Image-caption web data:
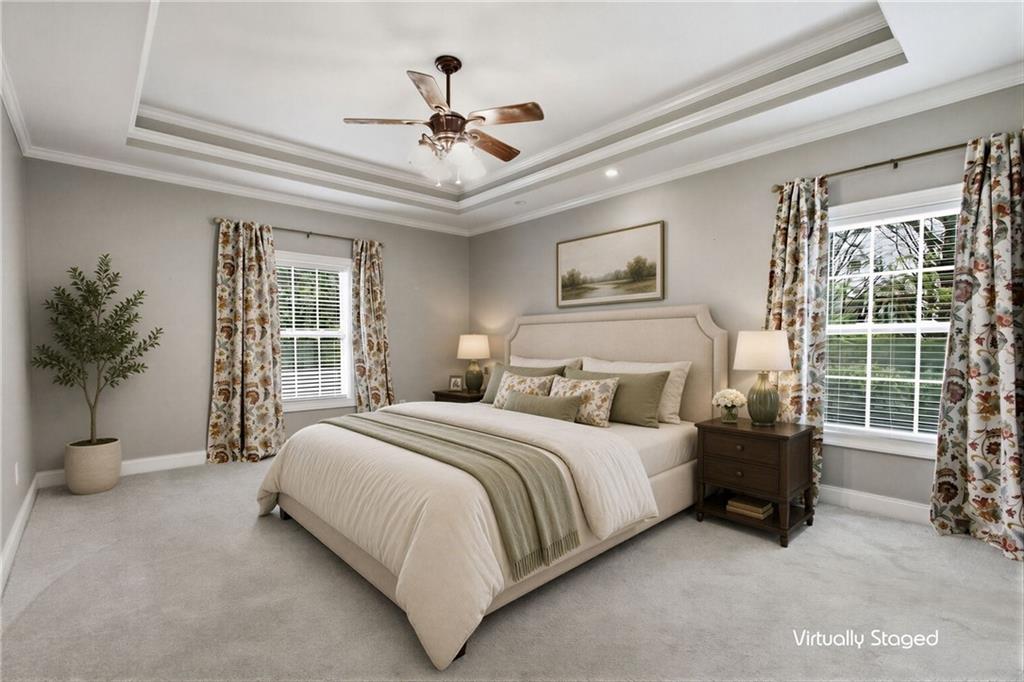 30 Sullins Road Property Photo 20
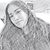 Tran Trinh's profile image
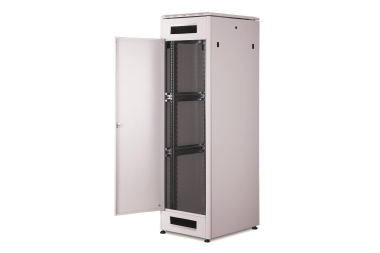 Assmann Netzwerkschrank  DN-19 42U-6/8-1 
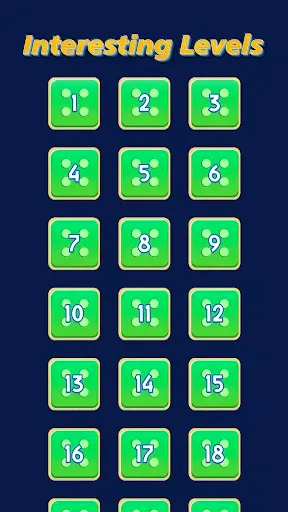 Скриншот 5 — Block Jam: Solve the Puzzle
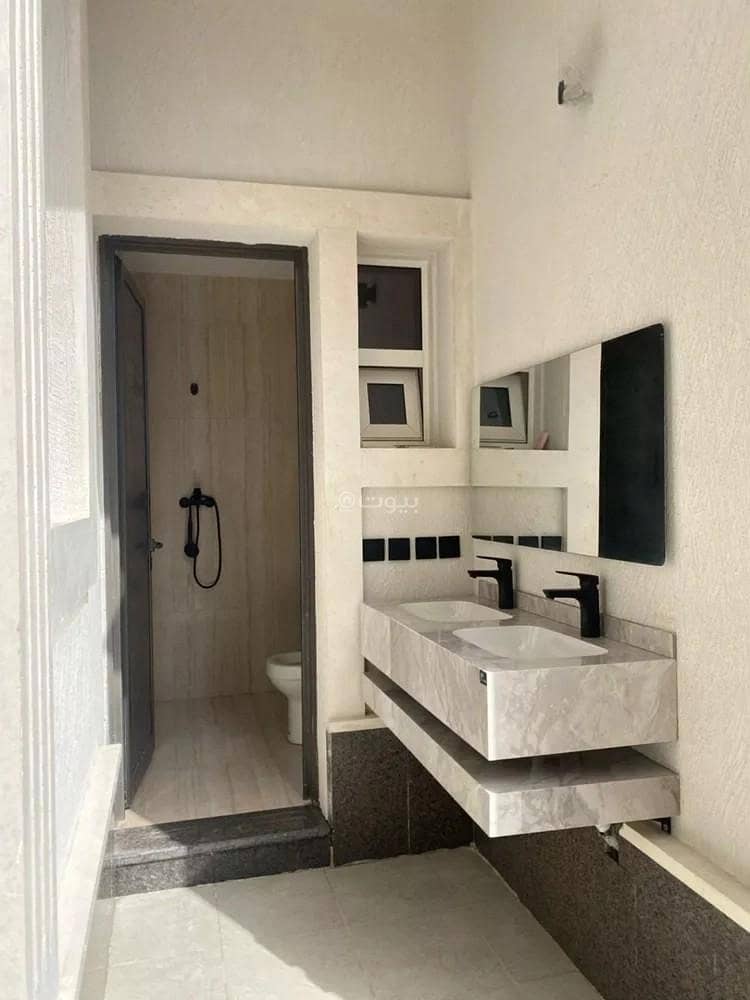 7 bedroom villa in An Nasim Al Gharbi, Riyadh 25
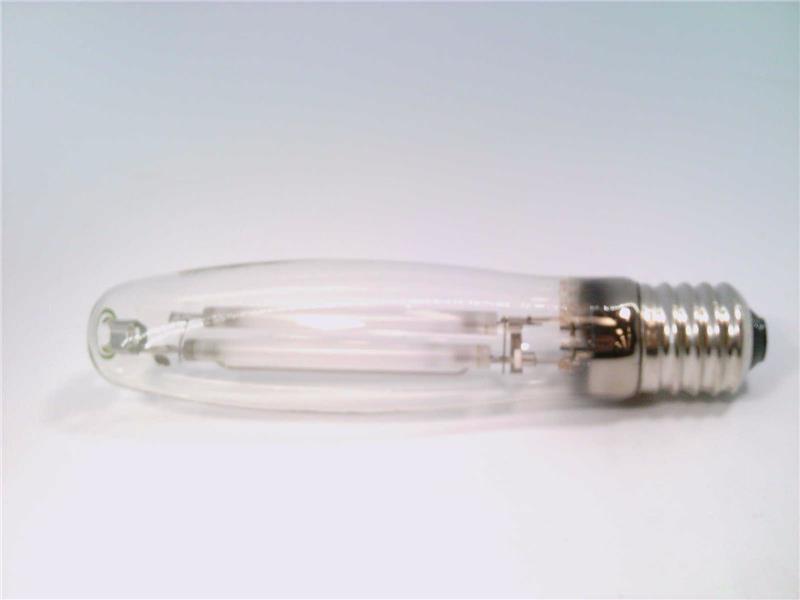 61372 by GENERAL ELECTRIC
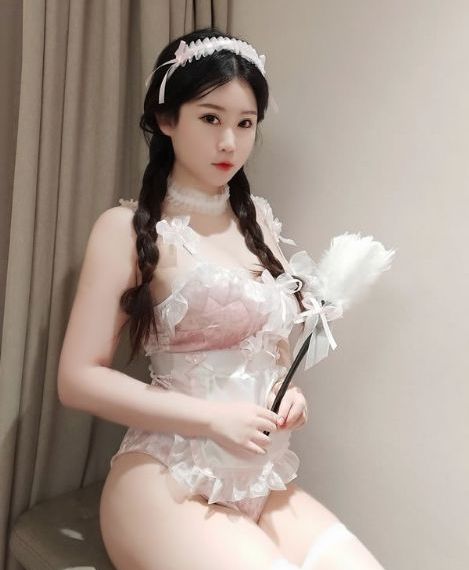 午夜三级手机在线观看_国产剧免费播放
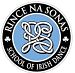 Feis Logo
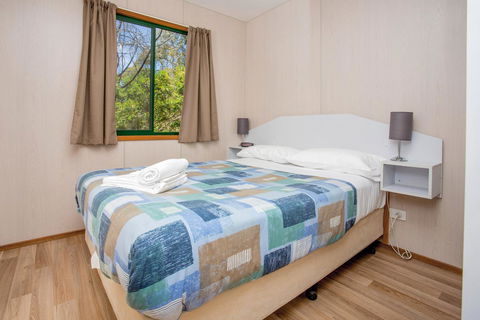 BIG4 Castlemaine Gardens - Sydney Tourism 37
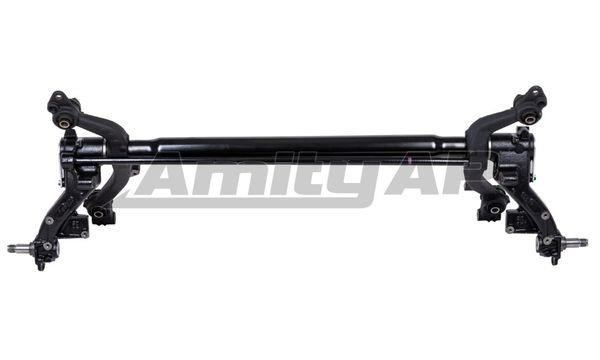 Купить Amity AP 42-AX-0021R по низкой цене в Польше!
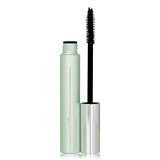 ハイインパクトウォータープルーフマスカラ 8ml 01 ブラック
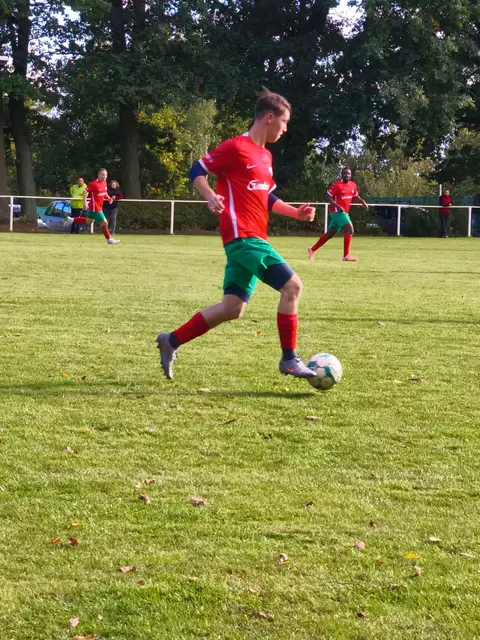 Radostice – Moravské Bránice 0:5 — fotka 14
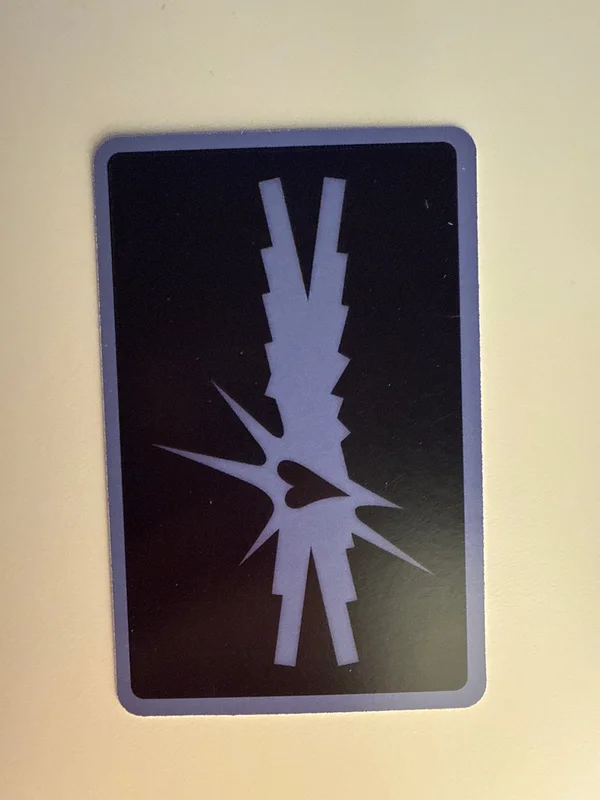 Item image 2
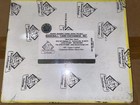 1987 Topps Football Sticker Album Box Unopened 16 Count Bbce Sealed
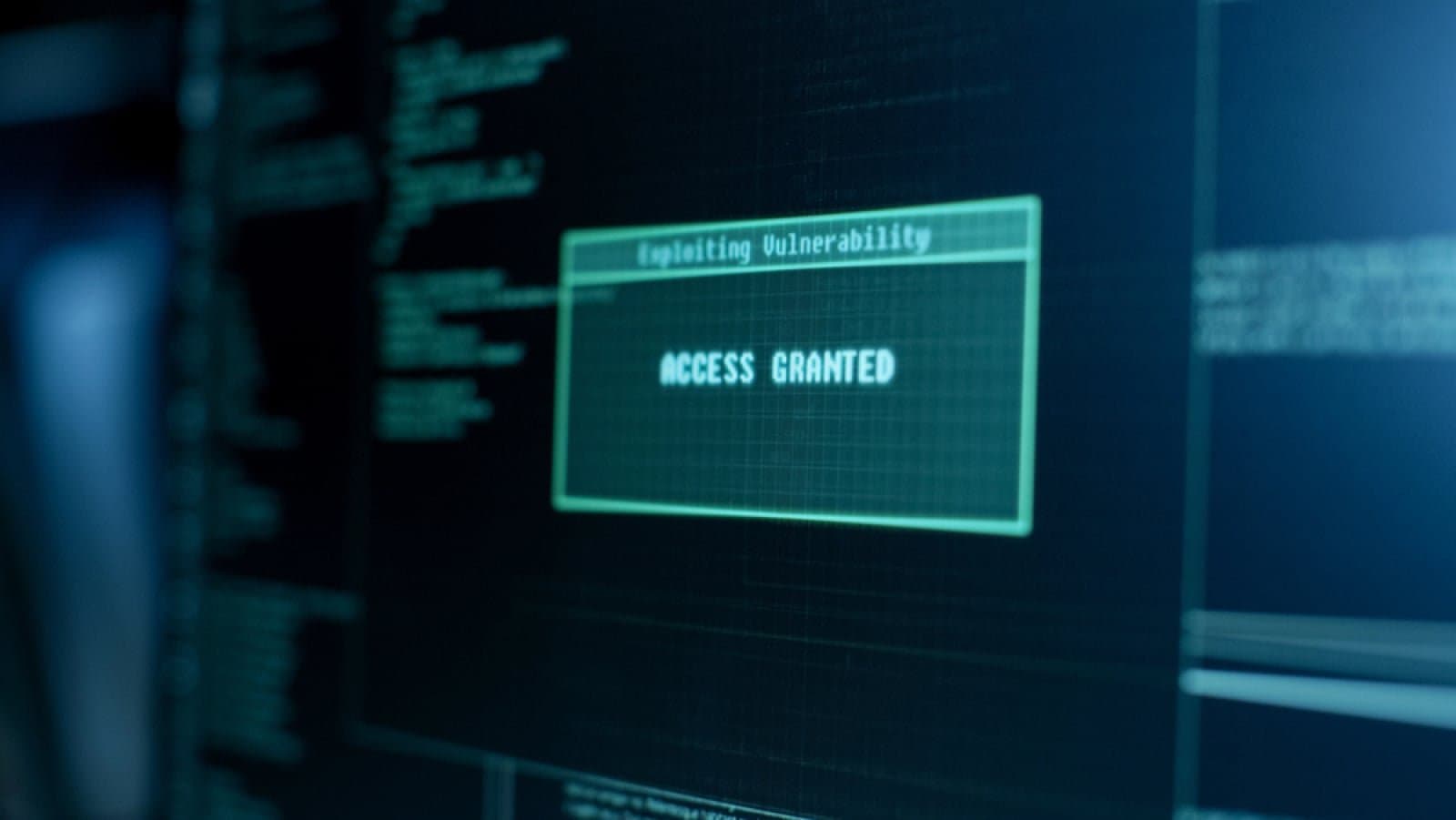 Top Analyst Highlights Inescapable Risks in Crypto Security After Coldcard Hack
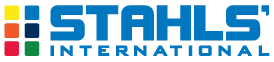 Stahls International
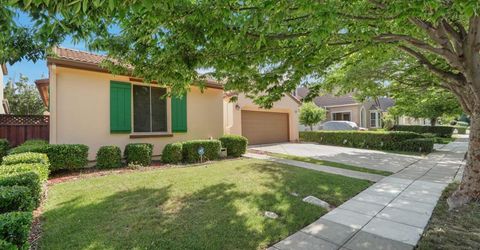 524 Hutchings Way, Mountain House, CA 95391 Photo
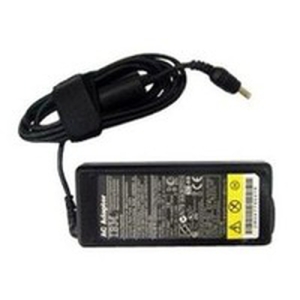 Lenovo AC-Adapter 20V
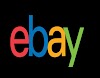 Want to earn money on ebay?How to earn on ebay ?Click and learn .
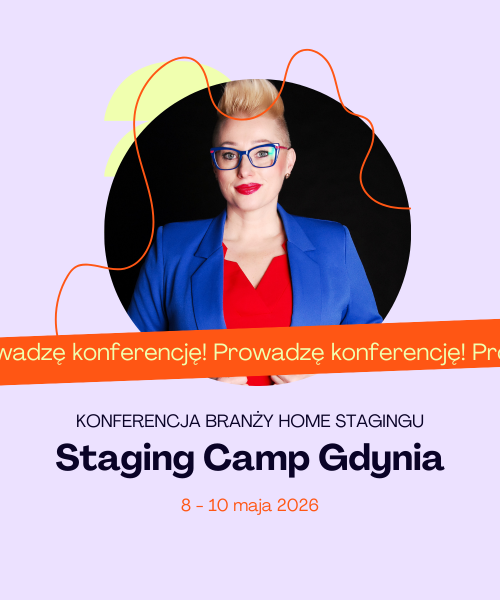 Magda Andler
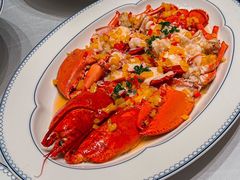 -粤匠·澳门点心粤菜海鲜(澳门半岛店)
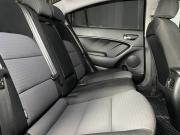 Kia Cerato III Тверь  - изображение 24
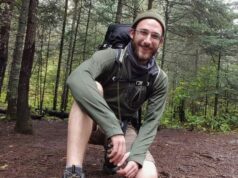 Comentário: Existe protesto pacífico na era atual do ICE? A rebelião planejada de sexta-feira será um teste Comentário: Existe protesto pacífico na era atual do ICE? A rebelião planejada de sexta-feira será um teste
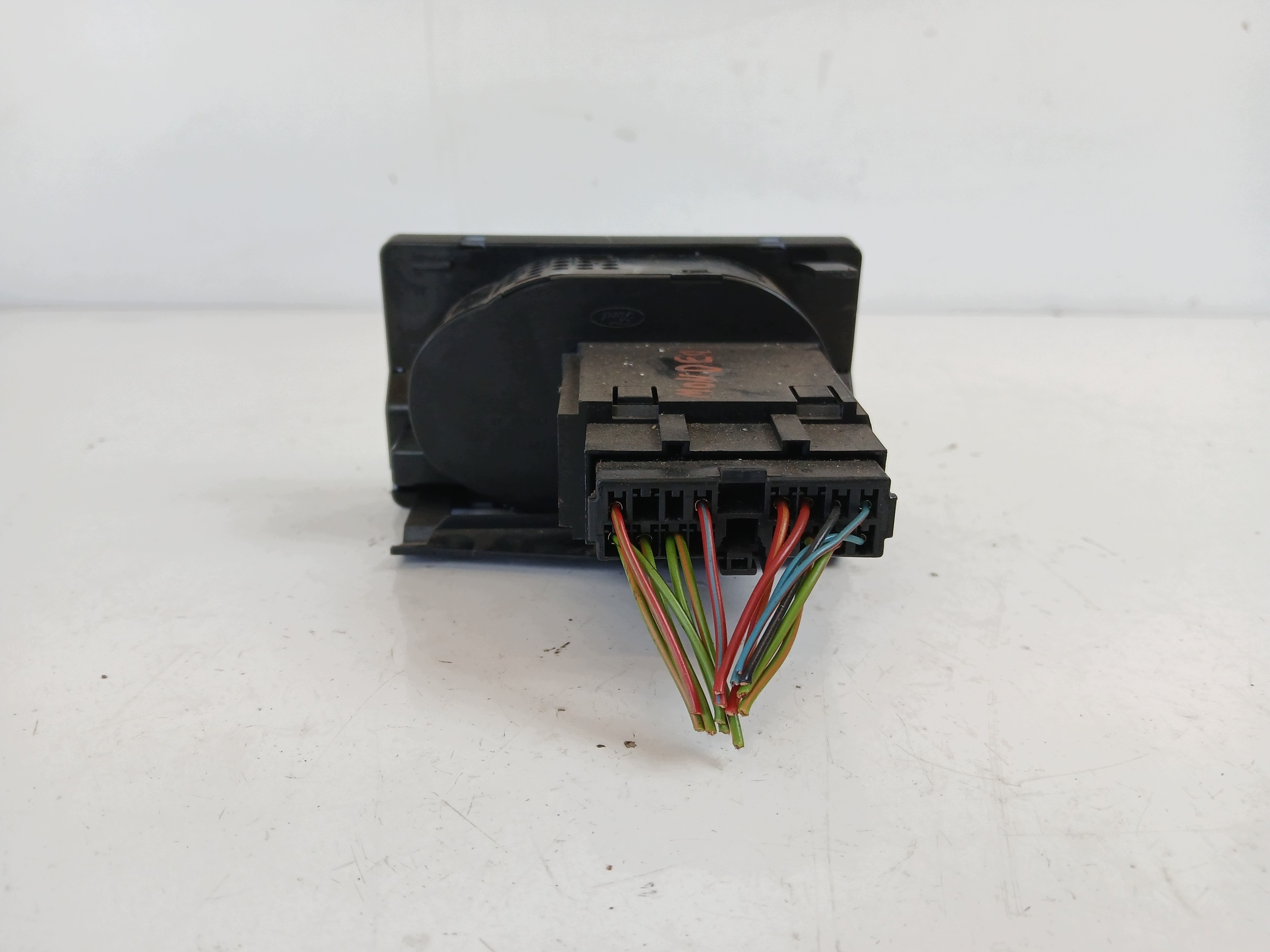 FORD MONDEO MK3 lichtschalter 1S7T13A024CB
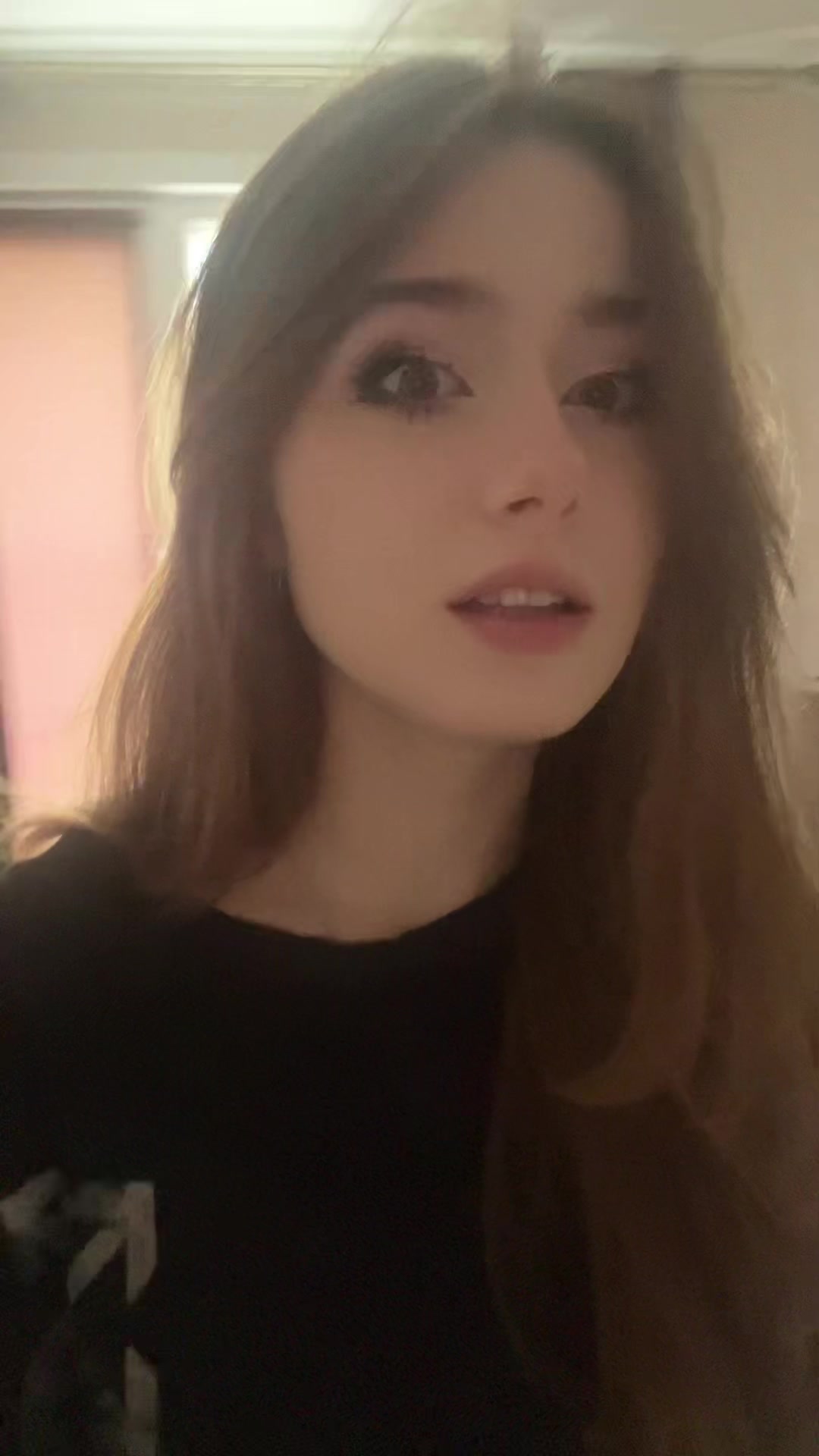 @Софк ааа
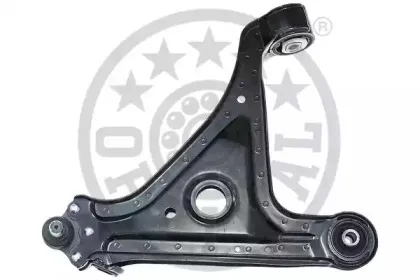 G6-697 OPTIMAL Рычаг независимой подвески колеса, подвеска колеса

- **WHAT TO WORK ON**
Transcribe the data completely. No pictures should appear in the transcription.

- **FINISHED EXERCISE**
 30 Sullins Road Property Photo 20
 Tran Trinh's profile image
 Assmann Netzwerkschrank  DN-19 42U-6/8-1 
 Скриншот 5 — Block Jam: Solve the Puzzle
 7 bedroom villa in An Nasim Al Gharbi, Riyadh 25
 61372 by GENERAL ELECTRIC
 午夜三级手机在线观看_国产剧免费播放
 Feis Logo
 BIG4 Castlemaine Gardens - Sydney Tourism 37
 Купить Amity AP 42-AX-0021R по низкой цене в Польше!
 ハイインパクトウォータープルーフマスカラ 8ml 01 ブラック
 Radostice – Moravské Bránice 0:5 — fotka 14
 Item image 2
 1987 Topps Football Sticker Album Box Unopened 16 Count Bbce Sealed
 Top Analyst Highlights Inescapable Risks in Crypto Security After Coldcard Hack
 Stahls International
 524 Hutchings Way, Mountain House, CA 95391 Photo
 Lenovo AC-Adapter 20V
 Want to earn money on ebay?How to earn on ebay ?Click and learn .
 Magda Andler
 -粤匠·澳门点心粤菜海鲜(澳门半岛店)
 Kia Cerato III Тверь  - изображение 24
 Comentário: Existe protesto pacífico na era atual do ICE? A rebelião planejada de sexta-feira será um teste Comentário: Existe protesto pacífico na era atual do ICE? A rebelião planejada de sexta-feira será um teste
 FORD MONDEO MK3 lichtschalter 1S7T13A024CB
 @Софк ааа
 G6-697 OPTIMAL Рычаг независимой подвески колеса, подвеска колеса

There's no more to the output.